Per Lazar il tema del declino (=’della decadenza’) dell’Italia “rafforza la propensione nazionale ad autodenigrarsi.. Anche Francia e Germania sono ‘grandi malati d’Europa’. I pericoli per la democrazia minacciano l’assieme dei paesi occidentali. Sempre più indifferenti alla politica, maldisposti nei confronti delle istituzioni, delusi dai politici tradizionali, ostili alle elite, i popoli sembrano pronti a consegnarsi a demagoghi volti a rovesciare la democrazia”. Inoltre: “La Costituzione italiana è quasi impossibile da emendare ma presenta un carattere incompiuto. E’ un documento sacro per la sinistra, che ne difende con intransigenza la lettera, i valori e le promesse (…) Si sviluppa così la partitocrazia, il potere quasi illimitato dei partiti. Pur essendo antifascisti, essi prolungano l’impronta del fascismo. Sottomettono e colonizzano lo Stato”.
Di conseguenza, la democrazia italiana “ha cominciato a oscillare nella banda della democrazia in qualche modo diretta, con una lunghezza di vantaggio sui suoi vicini europei.

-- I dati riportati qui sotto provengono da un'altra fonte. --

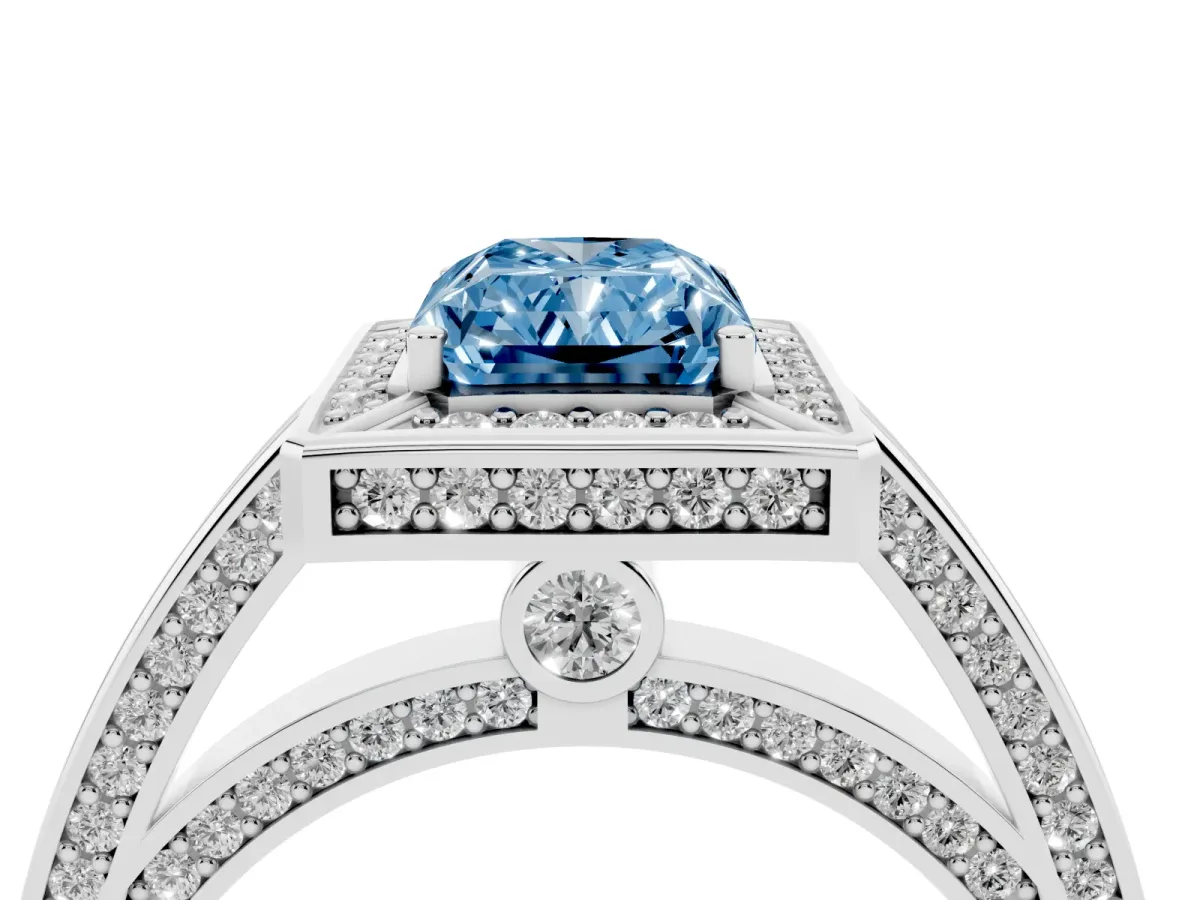 Fancy Blue Radiant Cut Cut Halo Pave Split Shank Prong Setting Ring White gold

L’Italia entra nella ‘terza età della democrazia’, caratterizzata tra l’altro dallo scemare del ruolo dei partiti. Così la democrazia è in prova, alla deriva, mentre sperimenta vie diverse. L’italia è insieme in crisi e in corso d’ innovazione. Si è immersa brutalmente nella società dell’abbondanza e dell’opulenza, mentre agli inizi degli anni Cinquanta aveva ancora fame.”
Tuttavia il godimento consumistico “è solo uno degli elementi della società italiana. Il suo rovescio, pur minoritario, associa moralità economica e pubblica, ripensa l’etica, coltiva una certa austerità e frugalità. Addirittura pratica intensamente il volontariato. E’ favorevole alle esperienze di democrazia partecipativa. Si colloca a sinistra ma appare deluso dalla politica: tendenzialmente é astensionista, molto critico nei confronti del governo, scettico sull’opposizione”.
In economia, constata Lazar, “i ritmi della crescita sono rimasti mediocri, le imprese perdono competitività, il potere d’acquisto delle famiglie scende, la distanza tra ricchi e poveri si allarga. Il quadro è nero”. Dimentichiamo, esorta l’Autore, il fascino quasi leggendario dell’Italia: “0ra è il momento della povertà che erode l’assetto sociale. In breve, siamo al disagio collettivo. La forte diffidenza dei cittadini verso la maggior parte delle istituzioni e dei politici alimenta il dubbio e lo scetticismo diffusi.”.
Tutto questo non significa che l’Italia è condannata a vacillare, persino a crollare. La storia dimostra: “Ogni volta che il paese si è trovato in ginocchio, ha saputo rimettersi in piedi in modo spettacolare. Sarà così in questo inizio di millennio?”. Risposta: la salvezza non verrà soltanto dalla società civile, come pretende una vulgata assai diffusa. L’abilità di cavarsi d’impaccio, il dinamismo e l’ingegnosità non basteranno. Occorreranno, più ancora che nel passato, politiche pubbliche efficaci. “Questo suppone che le elite sappiano rifondare la propria legittimità e che la crisi della rappresentanza venga risolta”.
Segnalavamo nell’incipit il referto riassuntivo: “Il Sisifo moderno è indubbiamente italiano”. Tuttavia resta valida l’impressione: questo qualificato conoscitore delle nostre cose si attende che presto o tardi il Laboratorio Italia produca una formula radicalmente nuova rispetto ai logori congegni del partitismo/elettoralismo.